Context is King: Google Parameterless Searches

In the very near future, you may be able to perform searches at Google without bothering to type or speak a query. Instead, you might be able to just shake your phone, or hold down a button for a certain amount of time, and tell your phone something like “search now”. Known as parameterless searches, this type of search can depend upon the context within which the search is performed.

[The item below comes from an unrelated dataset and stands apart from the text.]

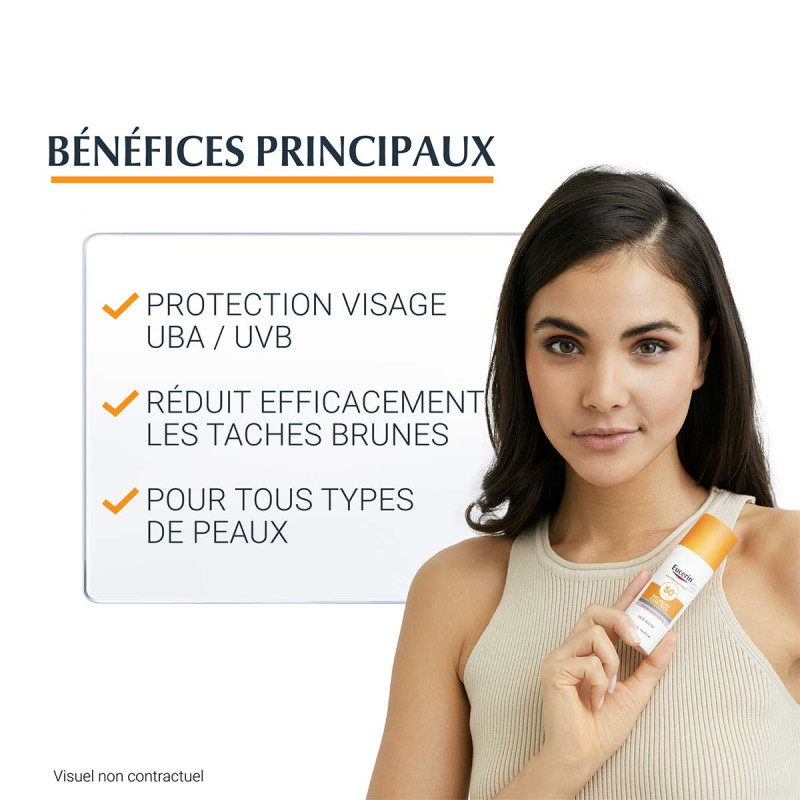 crème solaire anti-tâches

Screenshot from the patent showing someone shaking a phone, context information for that search, and a search result

For instance, imagine being driven to work at 50mph, and you shake your phone. It tells you that there’s congestion ahead, and offers an alternative route.Or it shows you a map with color-coded traffic information for different streets nearby according to traffic conditions. Or, you may have an appointment with a client made by email and included on your calendar, and you want to find and check the email to make sure that you have the right phone number. It could show the number and offer to make the call on your behalf. If you regularly take a train at around 8:00 am on weekday mornings, shaking your phone at 7:50 am might trigger a realtime schedule for the rails.

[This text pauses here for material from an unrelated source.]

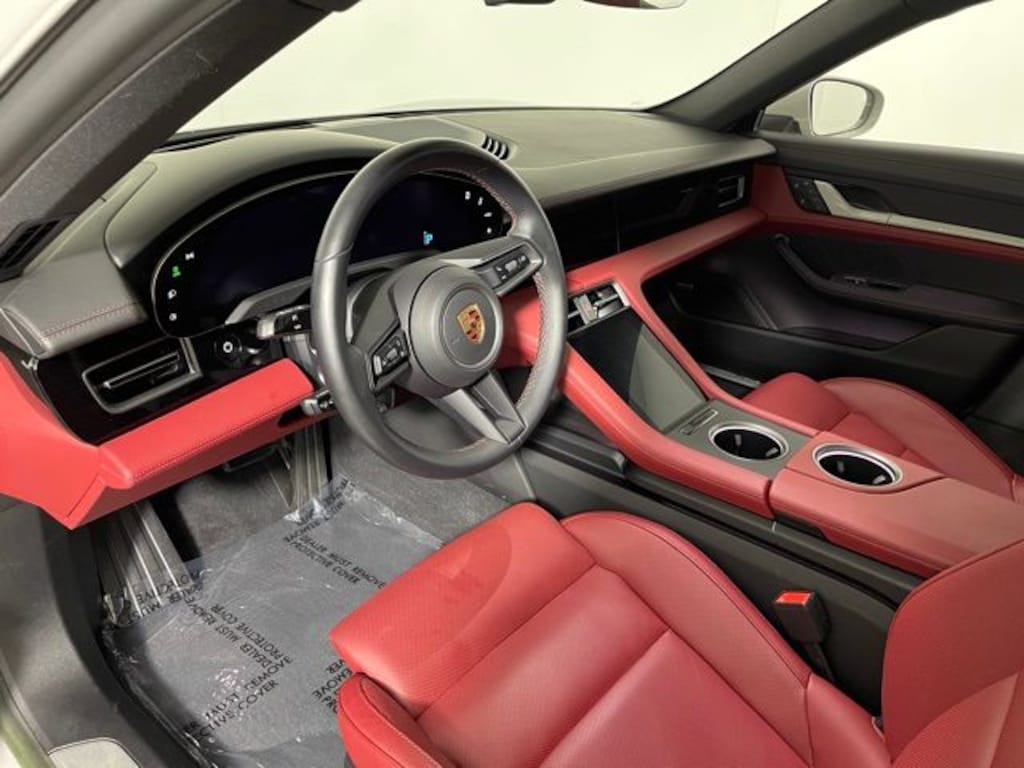 Certified 2023 Porsche Taycan 4S Sedan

Context information for a parameterless search could include things such as:

  • Time/date information,
  • Geographic location information,
  • Calendar information,
  • Rate of speed information, and
  • Device activity information (like the sending of emails for different purposes).

The patent is:

Providing results to parameterless search queries
Invented by Sumit Agarwal, Vic Gundotra, Alex Nicolaou
Assigned to Google
US Patent 8,478,519
Granted July 2, 2013
Filed: August 30, 2010


In one implementation, a computer-implemented method includes receiving a parameterless search request, which was provided to a mobile computing device, for information that is relevant to a user of the mobile computing device. The method also includes, in response to the received parameterless search request, identifying with a digital computer system one or more results that are determined to be relevant to the user of the mobile computing device based upon a current context of the mobile computing device. The method further includes providing the results for display to a user of the mobile computing device.

Context information could more specifically include things such as:

  • Geographic location,
  • Weather conditions,
  • Nearby businesses,
  • Volume of ambient noise,
  • Level of ambient light,
  • An image captured by the mobile device’s camera,
  • Rate of traveling speed,
  • Time and date information,
  • Calendar appointments,
  • Recent user activity,
  • Habitual user activity

The current context can be determined by data and sensors that are local, or even remote to the mobile computing device. For example, traffic speed and congestion might be determined by sensors in the phones on the road ahead.

If someone has been checking a developing news story via their browser or a news application, and checked a few times, a parameterless search may indicate a desire to see an update to the story.

If someone is driving down the road, and following a news story, a parameterless query could trigger responses to both.

This system is self training, and can learn about different categories of information that you might be interested in, based on contexts. For example, if the results of a parameterless query ends up showing a list of local restaurants, and you end up choosing one of them and driving to it, this system learns that in contexts like that, a set of restaurant results is an appropriate response (and it may learn about your taste in food as well). It can take learn about other user actions as well:

For example, if the user is provided with a recent update to a blog that the user frequently reads and the user sends a link to the updated blog posting to his/her friends, the user sending the link can be recorded as user behavior data in the user behavior data repository of the mobile computing device and used to provide results to future parameterless search requests.

The patent tells us that this parameterless search query approach isn’t limited to mobile phones, but can work with tablets, laptops, car navigation systems, personal digital assistants, or desktop computers.

I’m wondering how Google Analytics might indicate that a search leading to a site might indicate referral information – no query?